2600 North Central Avenue
Phoenix, Arizona 85004
Dear Mr. Hamula:
I am responding to your letter dated February 18 which was transferred to my office from the Directorate of Compliance. My Division of Recordkeeping Requirements is responsible for administering the OSHA injury and illness recordkeeping system nationwide. Please excuse the lengthy delay in our response.
The June 4 memorandum describes OSHA's interim policy of issuing citations for violations of 29 CFR Part 1904 when employers fail to record occupational hearing loss on the OSHA Log and Summary of Occupational Injuries and Illnesses (Form 200). Employers are still expected to comply with all of the provisions of the Hearing Conservation Amendment (29 CFR Part 1910.95).
Many companies have been recording Standard Threshold Shifts (STS) of 10 dB or greater (as defined in the Hearing Conservation Amendment (HCA)) on their OSHA Logs. If these companies continue to do so, they will be in complete compliance with the injury and illness recordkeeping requirements and enforcement policy. OSHA does not want to discourage your client companies from continuing this practice. If they continue to record 10 dB shifts on their OSHA Form 200, they should revise the baselines using the HCA provisions to avoid recording the same STS more than once.

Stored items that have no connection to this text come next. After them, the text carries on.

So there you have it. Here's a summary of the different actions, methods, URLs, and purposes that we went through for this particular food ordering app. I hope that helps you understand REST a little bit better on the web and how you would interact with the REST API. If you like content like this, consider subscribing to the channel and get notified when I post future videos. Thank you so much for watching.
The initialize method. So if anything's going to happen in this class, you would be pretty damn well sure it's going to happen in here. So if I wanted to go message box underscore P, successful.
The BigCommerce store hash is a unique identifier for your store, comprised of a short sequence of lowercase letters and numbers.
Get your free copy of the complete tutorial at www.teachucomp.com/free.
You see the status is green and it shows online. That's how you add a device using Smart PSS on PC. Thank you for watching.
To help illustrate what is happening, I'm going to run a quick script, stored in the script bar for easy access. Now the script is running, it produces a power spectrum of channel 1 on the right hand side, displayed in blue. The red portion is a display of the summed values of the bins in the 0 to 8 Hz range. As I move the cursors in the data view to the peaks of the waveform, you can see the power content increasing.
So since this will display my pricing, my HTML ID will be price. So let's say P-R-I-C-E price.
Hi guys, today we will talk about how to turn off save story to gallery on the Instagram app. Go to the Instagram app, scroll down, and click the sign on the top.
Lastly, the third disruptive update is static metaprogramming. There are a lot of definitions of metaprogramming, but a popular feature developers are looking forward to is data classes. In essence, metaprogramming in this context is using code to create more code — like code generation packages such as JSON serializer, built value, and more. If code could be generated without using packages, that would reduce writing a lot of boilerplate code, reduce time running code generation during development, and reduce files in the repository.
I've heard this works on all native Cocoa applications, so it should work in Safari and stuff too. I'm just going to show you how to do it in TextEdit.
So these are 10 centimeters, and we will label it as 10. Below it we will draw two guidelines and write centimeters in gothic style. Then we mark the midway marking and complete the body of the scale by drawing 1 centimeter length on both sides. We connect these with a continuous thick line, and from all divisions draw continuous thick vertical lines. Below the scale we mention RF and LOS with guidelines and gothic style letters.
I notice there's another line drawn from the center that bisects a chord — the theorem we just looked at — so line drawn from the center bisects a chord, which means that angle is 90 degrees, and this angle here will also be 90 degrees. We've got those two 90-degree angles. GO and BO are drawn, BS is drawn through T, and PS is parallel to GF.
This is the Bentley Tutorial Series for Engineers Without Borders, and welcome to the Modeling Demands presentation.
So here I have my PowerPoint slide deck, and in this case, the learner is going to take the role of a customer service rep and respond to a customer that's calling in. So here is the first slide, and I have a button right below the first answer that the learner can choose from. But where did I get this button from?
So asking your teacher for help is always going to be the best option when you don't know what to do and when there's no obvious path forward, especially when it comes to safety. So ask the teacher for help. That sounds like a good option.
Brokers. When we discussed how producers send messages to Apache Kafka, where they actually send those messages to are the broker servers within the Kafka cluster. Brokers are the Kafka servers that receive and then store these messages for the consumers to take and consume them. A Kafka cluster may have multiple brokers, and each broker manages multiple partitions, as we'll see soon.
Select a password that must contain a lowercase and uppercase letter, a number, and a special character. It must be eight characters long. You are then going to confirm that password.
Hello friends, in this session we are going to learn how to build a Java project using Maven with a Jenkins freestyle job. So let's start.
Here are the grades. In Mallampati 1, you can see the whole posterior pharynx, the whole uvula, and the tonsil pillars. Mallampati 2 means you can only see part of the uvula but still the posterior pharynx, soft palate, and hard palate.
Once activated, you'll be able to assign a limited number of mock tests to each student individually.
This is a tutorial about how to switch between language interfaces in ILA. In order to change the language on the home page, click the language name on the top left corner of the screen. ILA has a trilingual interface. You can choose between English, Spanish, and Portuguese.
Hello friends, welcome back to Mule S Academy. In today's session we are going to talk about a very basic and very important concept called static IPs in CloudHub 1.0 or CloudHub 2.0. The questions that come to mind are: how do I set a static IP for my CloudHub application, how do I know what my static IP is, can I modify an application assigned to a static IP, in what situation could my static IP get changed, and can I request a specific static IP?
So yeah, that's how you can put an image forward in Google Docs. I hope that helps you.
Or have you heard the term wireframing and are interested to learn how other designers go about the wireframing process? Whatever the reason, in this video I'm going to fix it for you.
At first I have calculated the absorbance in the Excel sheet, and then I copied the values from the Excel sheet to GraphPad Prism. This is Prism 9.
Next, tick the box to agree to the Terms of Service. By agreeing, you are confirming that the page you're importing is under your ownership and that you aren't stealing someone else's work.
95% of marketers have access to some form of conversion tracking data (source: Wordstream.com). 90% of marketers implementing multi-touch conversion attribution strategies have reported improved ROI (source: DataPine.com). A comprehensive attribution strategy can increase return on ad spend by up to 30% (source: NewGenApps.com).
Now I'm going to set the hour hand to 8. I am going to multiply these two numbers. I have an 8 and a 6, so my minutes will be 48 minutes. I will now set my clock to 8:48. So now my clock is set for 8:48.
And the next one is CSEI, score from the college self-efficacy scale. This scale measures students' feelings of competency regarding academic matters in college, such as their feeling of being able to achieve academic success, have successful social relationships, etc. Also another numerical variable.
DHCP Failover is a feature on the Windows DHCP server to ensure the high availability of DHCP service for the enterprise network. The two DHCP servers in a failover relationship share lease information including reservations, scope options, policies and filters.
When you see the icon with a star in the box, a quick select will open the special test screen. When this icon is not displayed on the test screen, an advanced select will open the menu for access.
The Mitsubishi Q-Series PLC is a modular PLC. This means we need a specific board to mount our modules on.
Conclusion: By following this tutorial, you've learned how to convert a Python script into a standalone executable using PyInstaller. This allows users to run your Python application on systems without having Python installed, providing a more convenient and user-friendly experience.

If your clients choose to record 25 dB shifts on the OSHA Form 200, the initial shift must be measured from the employee's "original baseline". The "original baseline" is the baseline audiogram first established as a result of the RCA. This could be a 1983 audiogram under the RCA, a pre-1983 audiogram grandfathered in under the RCA, or a pre-employment audiogram given to an employee hired after 1983.
When a 25 dB shift occurs and the case is recorded on the OSHA Log, that audiogram will then become the new reference baseline for future measurements. Another recordable case would not be logged until the employee suffers a 25 dB shift from the new reference baseline.